FDA 21 CFR Part 11 §11.10(e)
Secure, computer-generated, time-stamped audit trails for electronic records. Each signed event is attributable, contemporaneous, original, accurate, and time-stamped, supporting customer 21 CFR Part 11 validation efforts.
GDPR Article 30
Records of processing activities. Your DPO can pull a tenant-scoped audit slice on demand. Personal data inside audit_logs is limited to user identifiers and IP addresses; richer payloads carry only the minimum context needed to reconstruct the event.
EU NIS2 Directive
Incident investigation evidence. Member-state CSIRTs and your own forensic team can reconstruct exactly who did what and when, with a chain whose integrity does not depend on database administrator trust.
THE VERIFIER
Audit-logged audit verification
Chain verification recomputes each row from its canonical payload using the tenant's HMAC secret, returning PASS with the row count or FAIL at the first broken sequence number. Verifier outcomes are themselves audit-chain entries.
Cadence
On-demand from the admin verifier endpoint today. Scheduled daily verification ships with the platform GA release.
Outcome
PASS with the row count, or FAIL with the first sequence number where the chain broke. The row itself is preserved as evidence.
Source
Verifier source code is available for your auditor to walk through. We will sit in the room while they do.
WHY THIS BEATS "WE HAVE AUDIT LOGS"
Standard audit logs do not survive a determined operator
Plain audit table
Append-friendly but mutable. Anyone with database write access can change a row, drop a row, or insert one. No mathematical signal that it happened.
WORM storage
Helps against deletion, less helpful against insertion or reordering. Storage-level integrity does not catch a row that should never have been there.
Hash-chained log (this)
Mathematically tamper-evident. Detects mutation, deletion, and insertion at the row level, with the parent hash as the integrity anchor.
FREQUENTLY ASKED
What happens to the chain if a hash mismatches?

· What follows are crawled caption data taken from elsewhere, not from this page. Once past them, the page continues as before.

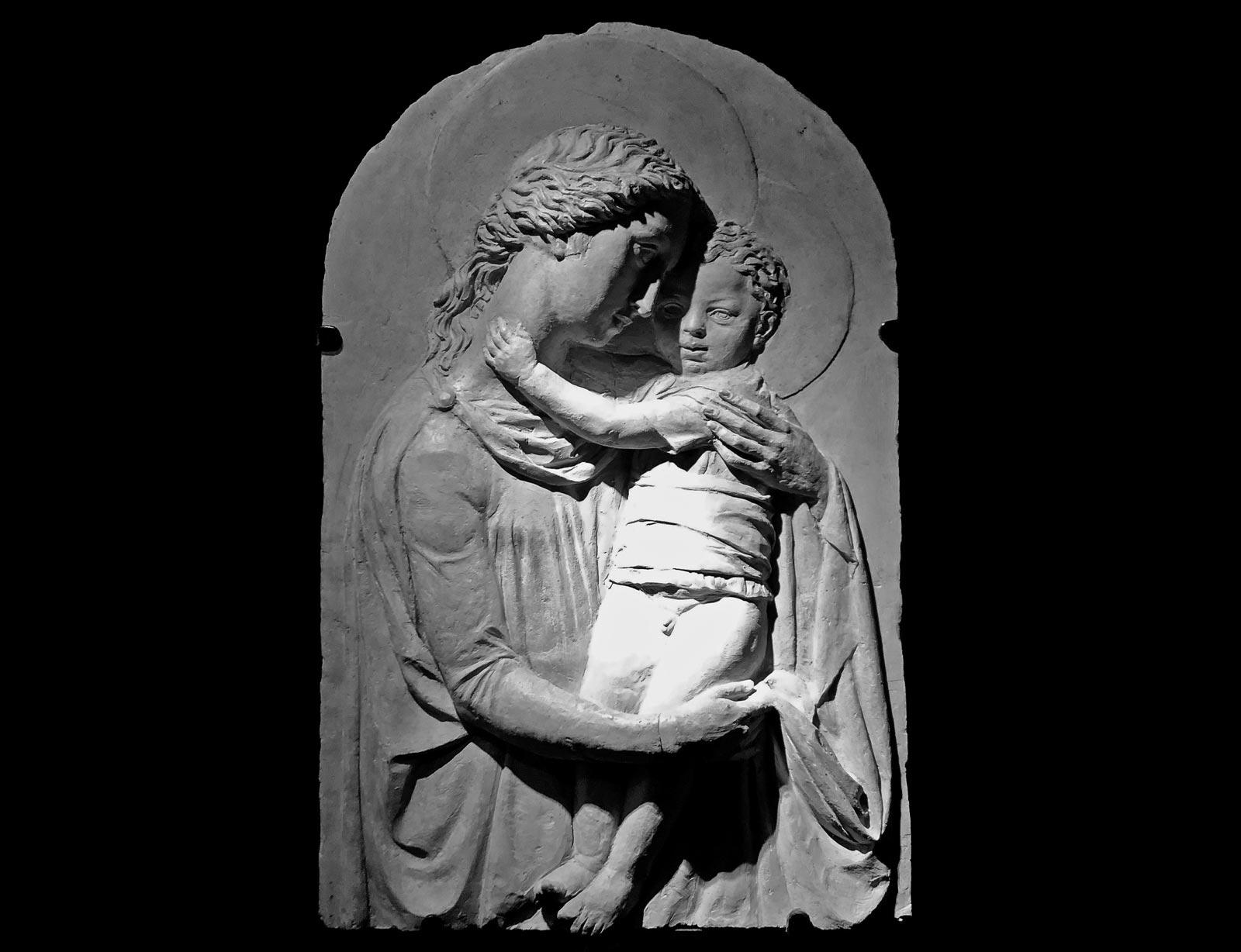 Attribuita a Bartolomeo Bellano (Padova, circa 1438 – circa 1497), ” Madonna col Bambino” (del tipo “Madonna Massimo”). Bassorilievo in terracotta, cm 67 x 41.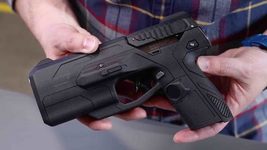 В США разработали умный пистолет с технологией распознавания лица. Где и когда можно купить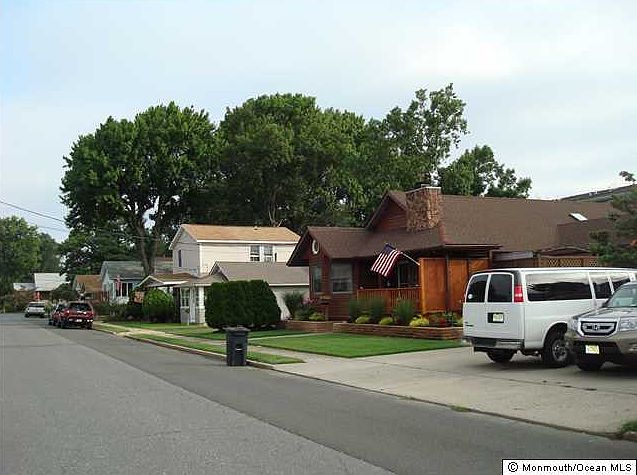 2nd image of 1737 Belmont Ave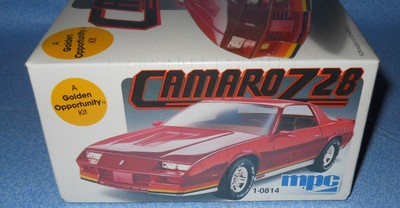 MPC Camaro Z28-Molded in Red 1/25  1-0814 USA 1982-FS Model Car Swap Meet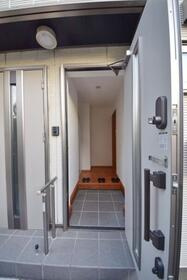 パラディ成城の玄関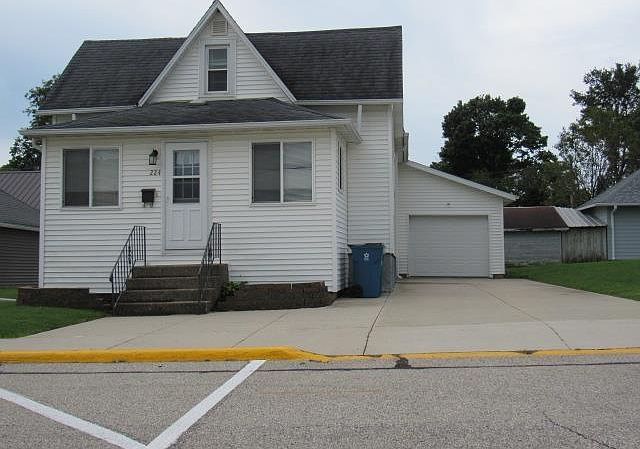 1st image of 224 E Grand St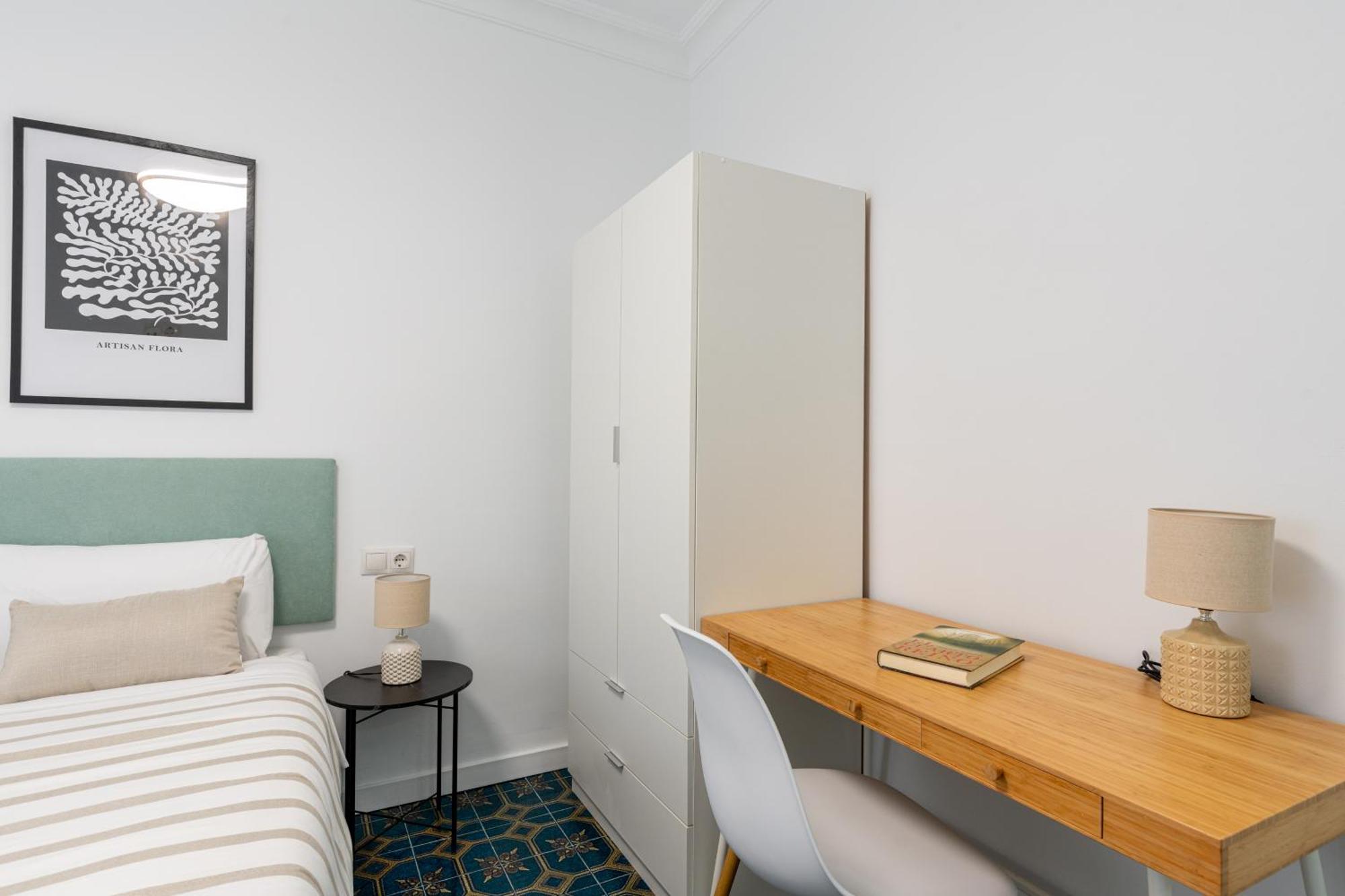 Piso Elegante Y Nuevo De 3 Habitaciones Y 2 Banos Séville Extérieur photo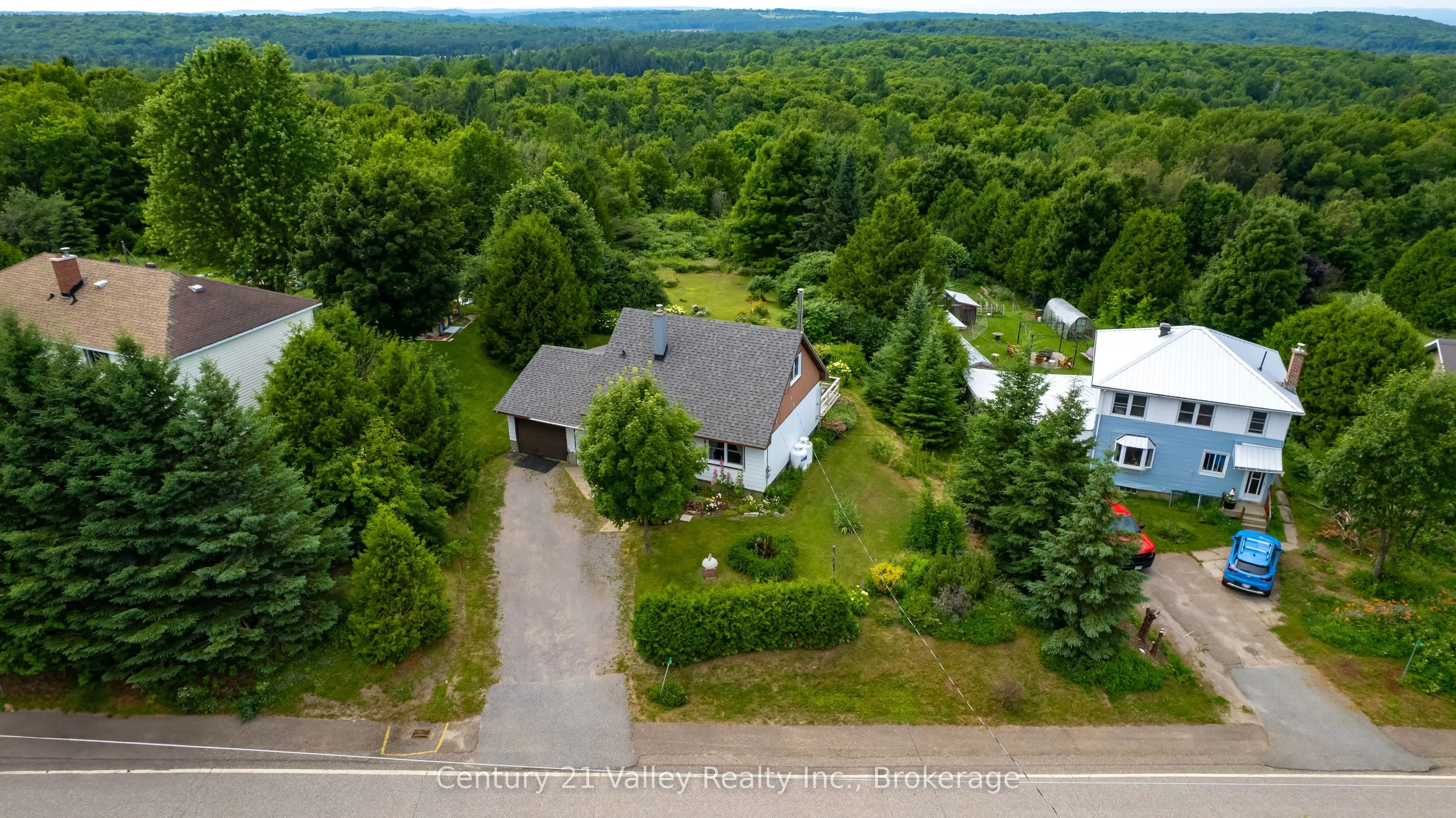 19 Algonquin Road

The verifier returns FAIL with the first sequence number where the chain broke. The row itself is not deleted, we keep the evidence. The failure is recorded as its own chain entry and surfaces through the platform's incident path.

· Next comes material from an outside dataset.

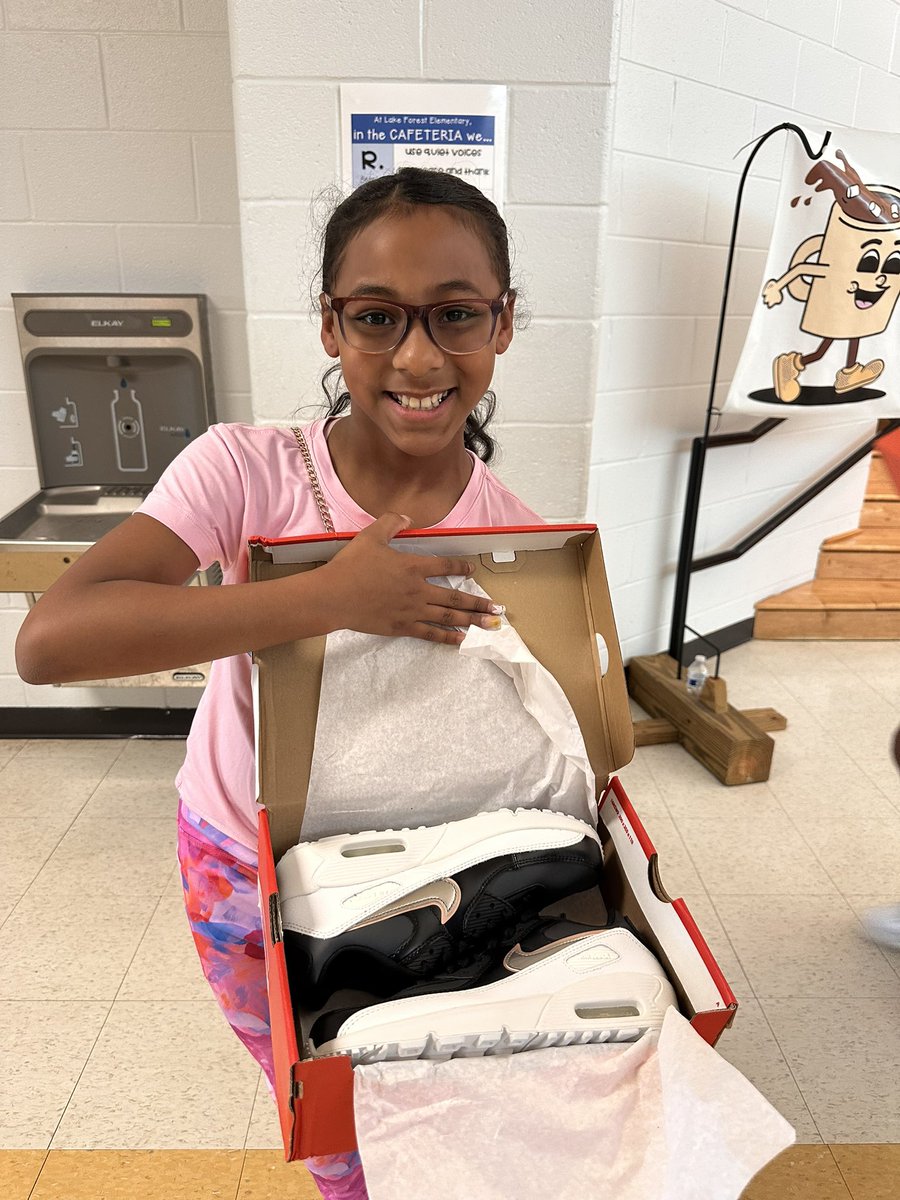 Lindsey Hayes tweet media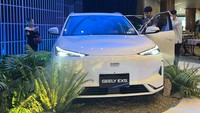 Geely EX5 akan mempunyai beberapa keunggulan. Pertama adalah platform GEA (Geely  Electric Architecture). Platform ini bisa memaksimalkan ruang dan kenyamanan berkat teknologi Cell To Body (CTB) untuk baterai kendaraan listriknya. Foto: Luthfi Anshori/detikOto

Can the database administrator tamper with the chain?
Not without (a) breaking the append-only trigger, (b) obtaining the HMAC secret that lives outside the database, and (c) rewriting every subsequent row for the affected tenant. All three actions would themselves leave forensic evidence.
Can you delete a row for GDPR right-to-erasure?

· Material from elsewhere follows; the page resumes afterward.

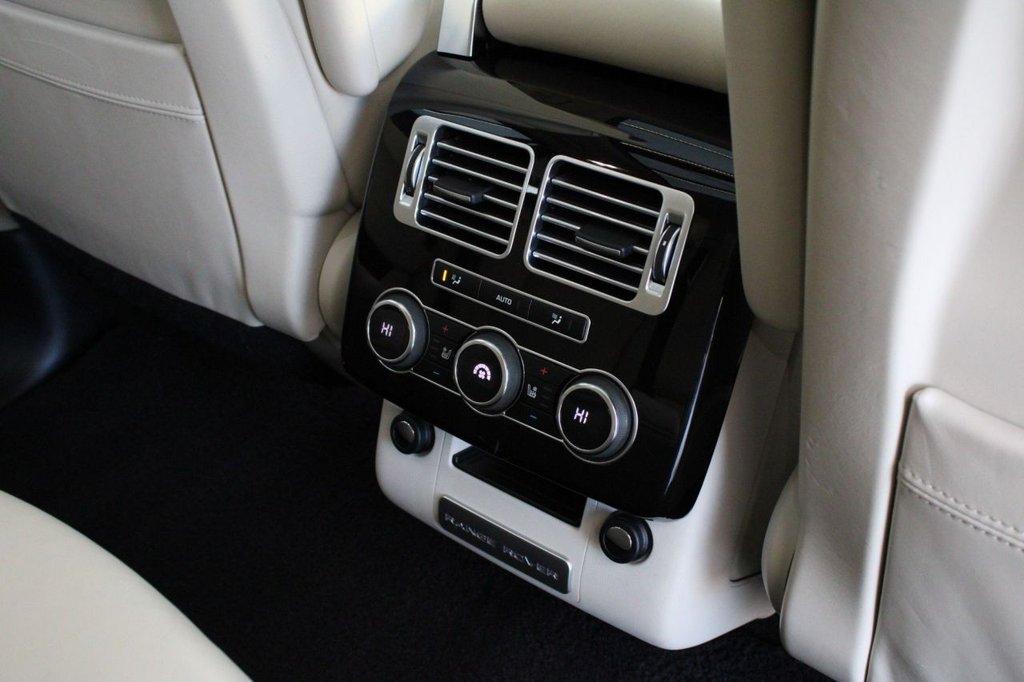 Used Land Rover Range Rover 2015 for sale - 76797603: Photo 12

Personal data inside audit_logs is already minimised to a user_id and IP. Right-to-erasure on the user record does not remove audit history, since that processing rests on Article 6(1)(c) legal obligation and (f) legitimate interest. We can pseudonymise the user_id reference if your DPO requires it.
Does the chain slow down writes?
Each insert computes one HMAC and reads one previous row, both indexed. Negligible cost at typical workloads, and the verifier runs out of band.